• **DATA BELOW**
--------------------------------
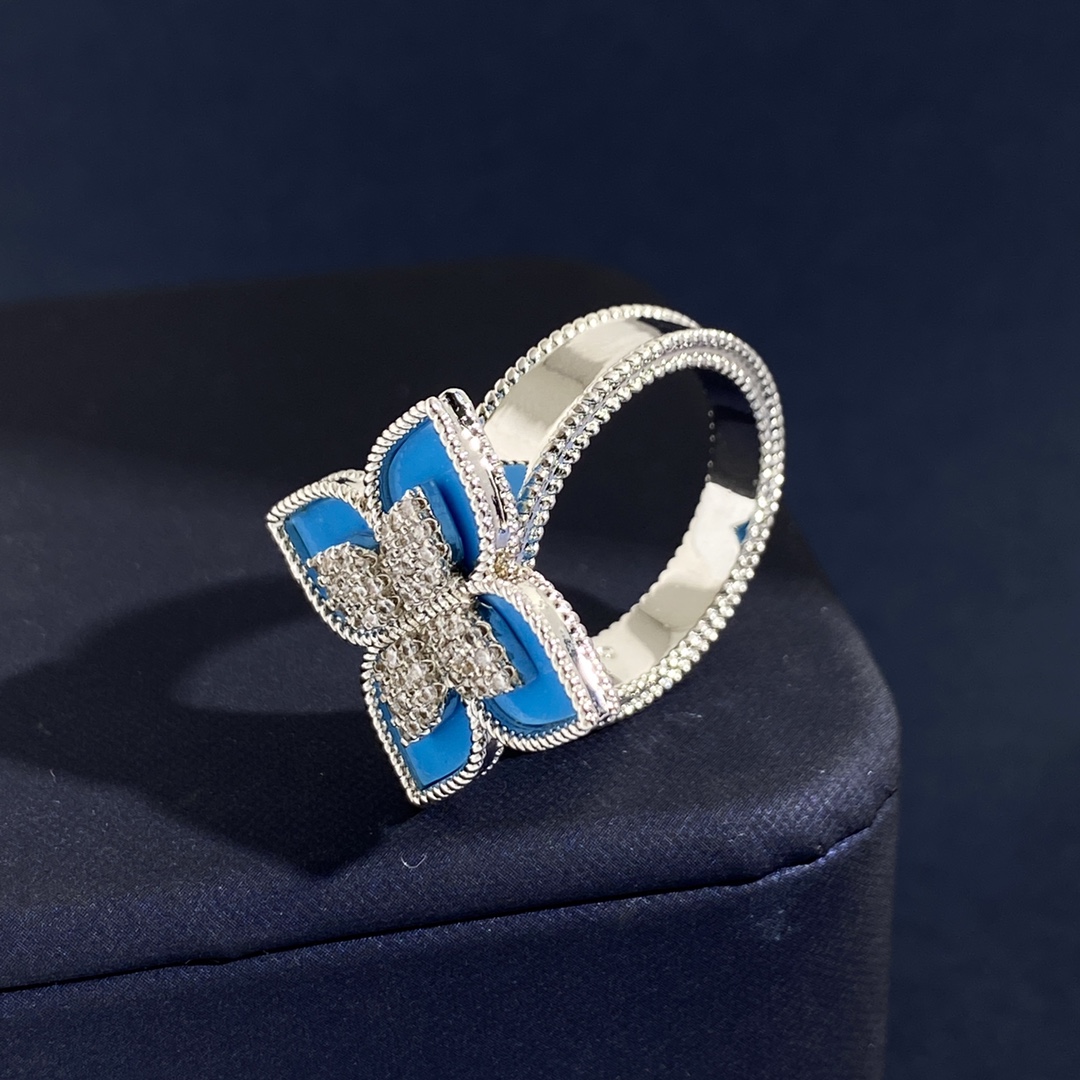 Bague Roberto Coin Princess Flower Or blanc avec accents de malachite et de diamants en émail bleu turquoise US 7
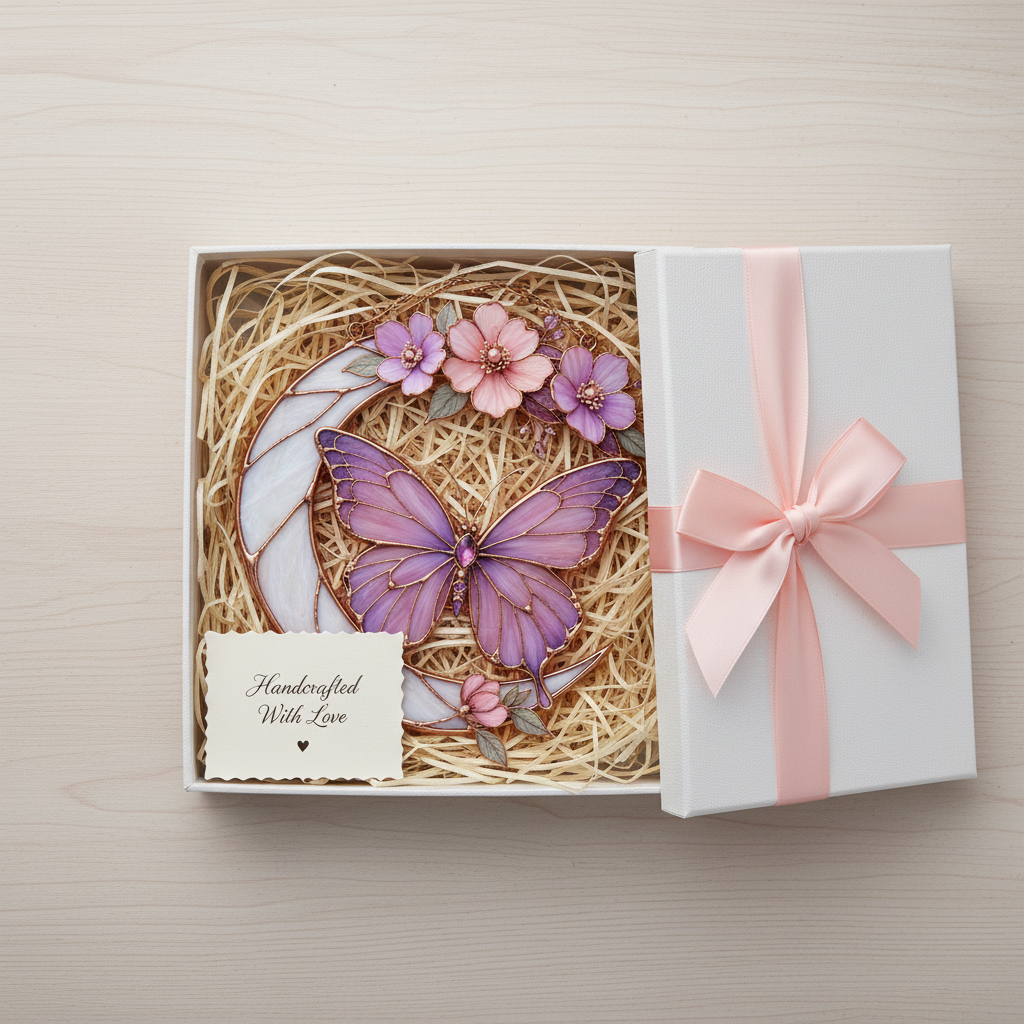 Moonlight Butterfly Stained Glass Hanging Ornament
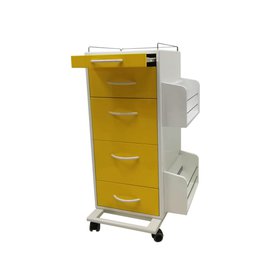 Медицинский столик для косметологов Т-05 с 4 ящиками и 2 боковыми полками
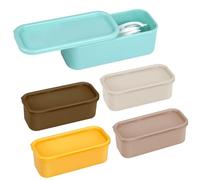 Adorila Confezione da 5 custodie portatili per filo interdentale, dispenser portatile per filo interdentale, piccolo porta batuffoli di cotone da viaggio ricaricabili con coperchio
--------------------------------
• **PROBLEM REQUIREMENTS**
Lines before the one containing "Медицинский столик для" are not wanted; repeat that line and the rest of the listing exactly, leaving out pictures.

• **ANSWER AREA**
 Медицинский столик для косметологов Т-05 с 4 ящиками и 2 боковыми полками
 Adorila Confezione da 5 custodie portatili per filo interdentale, dispenser portatile per filo interdentale, piccolo porta batuffoli di cotone da viaggio ricaricabili con coperchio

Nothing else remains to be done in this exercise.